If you have a JTAG, maybe you can manually set CPSR.A bit (equivalent
of Lucas's patch) at bootloader/kernel entry and conclude who is the
culprit or maybe even localize it better.

This method did help in rootcausing issue in one of the SoC that showed
the same behaviour.

Regards
Afzal
Murali Karicheri Aug. 18, 2015, 2:49 p.m. UTC | #7
On 08/18/2015 04:28 AM, Jisheng Zhang wrote:
> On Tue, 18 Aug 2015 09:13:34 +0100
> Russell King - ARM Linux <linux@arm.linux.org.uk> wrote:
>
>> On Mon, Aug 17, 2015 at 08:09:17PM -0700, santosh.shilimkar@oracle.com wrote:
>>>  From the logs this seems to be mostly clock related issue for some
>>> peripheral.

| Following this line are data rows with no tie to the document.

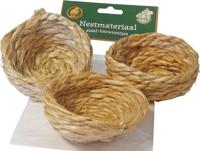 Boon Pak a 3 touwnestjes sisal - thumbnail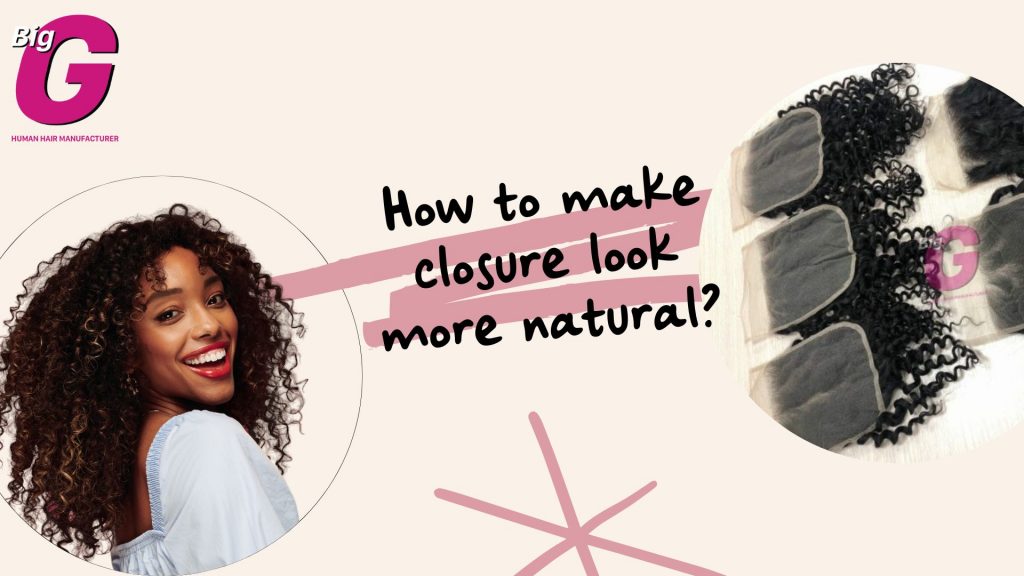 How to make closure more natural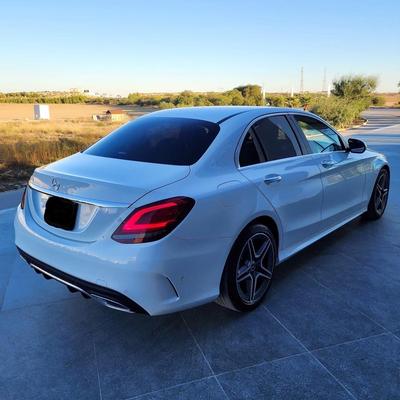 Mercedes-Benz C 220d — 3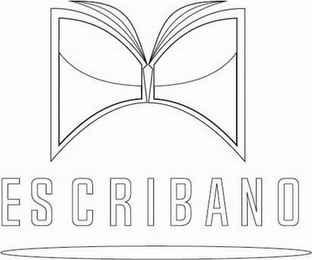 ESCRIBANO logo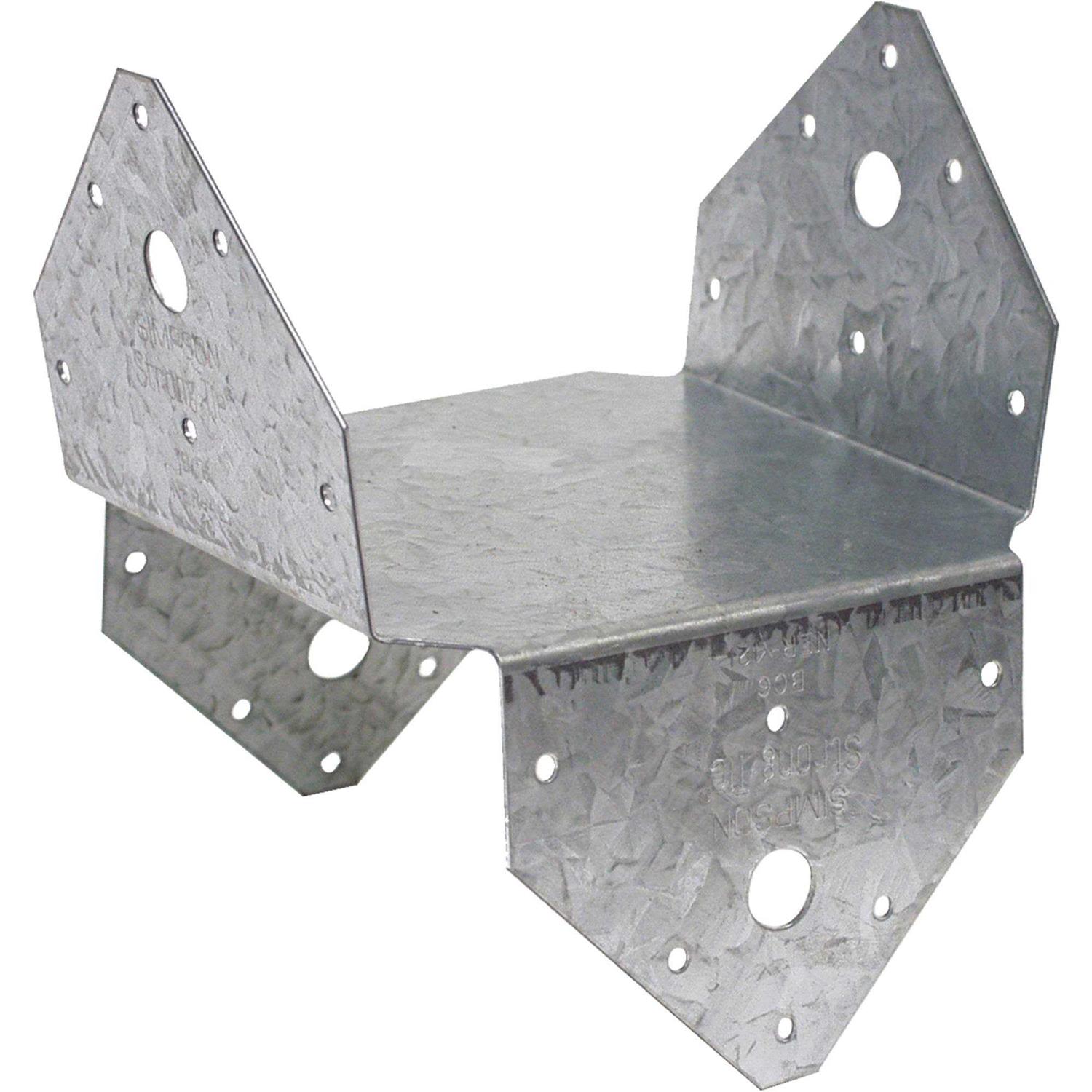 Simpson Strong-Tie BC46 Galvanized Half Base - Zenithce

If the bootloader clock enable all hack still exists,
>>> may be you can try that out.
>>>
>>> Another way to debug this is to start disabling peripheral drivers
>>> from the kernel 1 by 1 and see if the issue goes away.
>>
>> Highly unlikely to make any difference.  As the failure happens soo early
>> with the patch applied, the kernel hasn't had much of a chance to touch
>> the hardware - about the only things are the decompressor and the kernel
>> touching the early console.  As they seem to be working, it suggests
>> that's not the cause.
>>
>> It seems to be pointing towards something in the boot loader...
>>
>> Normally, uboot will hook itself into the vectors to report errors, but
>> I wonder whether uboot enables asynchronous aborts while it's running.
>> Don't forget to make sure that the aborts are disabled again prior to
>> calling the kernel.
>>
>
> Another possible cause: trustzone software.
>
> we root caused such kind of asynchronous external abort on Marvell Berlin SoCs
> to a trustzone bug. I'm not sure whether keystone linux is running at normal
> world or not.
Yes, in normal world (Non secure supervisor)
>
Murali Karicheri Aug. 18, 2015, 8:25 p.m. UTC | #8
Russell,

On 08/18/2015 04:13 AM, Russell King - ARM Linux wrote:
> On Mon, Aug 17, 2015 at 08:09:17PM -0700, santosh.shilimkar@oracle.com wrote:
>>  From the logs this seems to be mostly clock related issue for some
>> peripheral. If the bootloader clock enable all hack still exists,
>> may be you can try that out.
>>
>> Another way to debug this is to start disabling peripheral drivers
>> from the kernel 1 by 1 and see if the issue goes away.
>
> Highly unlikely to make any difference.  As the failure happens soo early
> with the patch applied, the kernel hasn't had much of a chance to touch
> the hardware - about the only things are the decompressor and the kernel
> touching the early console.  As they seem to be working, it suggests
> that's not the cause.
>
> It seems to be pointing towards something in the boot loader...
>
> Normally, uboot will hook itself into the vectors to report errors, but
> I wonder whether uboot enables asynchronous aborts while it's running.
> Don't forget to make sure that the aborts are disabled again prior to
> calling the kernel.
>
Thanks for your input.

The patch works now once I move the local_abort_enable() to later just 
before calling reserve_crashkernel() in setup_arch(). The abort handler 
gets called right after enabling it which means it has happened even 
before reaching here.

I have added the abort handler to u-boot code and I get the same abort 
which means the root cause is u-boot or ROM boot loader. I would try to 
debug if root cause is u-boot. If it is ROM boot loader, I will have to 
add a work around in u-boot or Linux. Is there a preference of one over 
the other? The exception handling in u-boot is premature and will 
require more work to add a work around. Is there still a possibility of 
adding the work around in Linux?
diff mbox

Patch

diff --git a/arch/arm/include/asm/irqflags.h 
b/arch/arm/include/asm/irqflags.h
index 4390814..ac1e7e9 100644
--- a/arch/arm/include/asm/irqflags.h
+++ b/arch/arm/include/asm/irqflags.h
@@ -54,6 +54,14 @@  static inline void arch_local_irq_disable(void)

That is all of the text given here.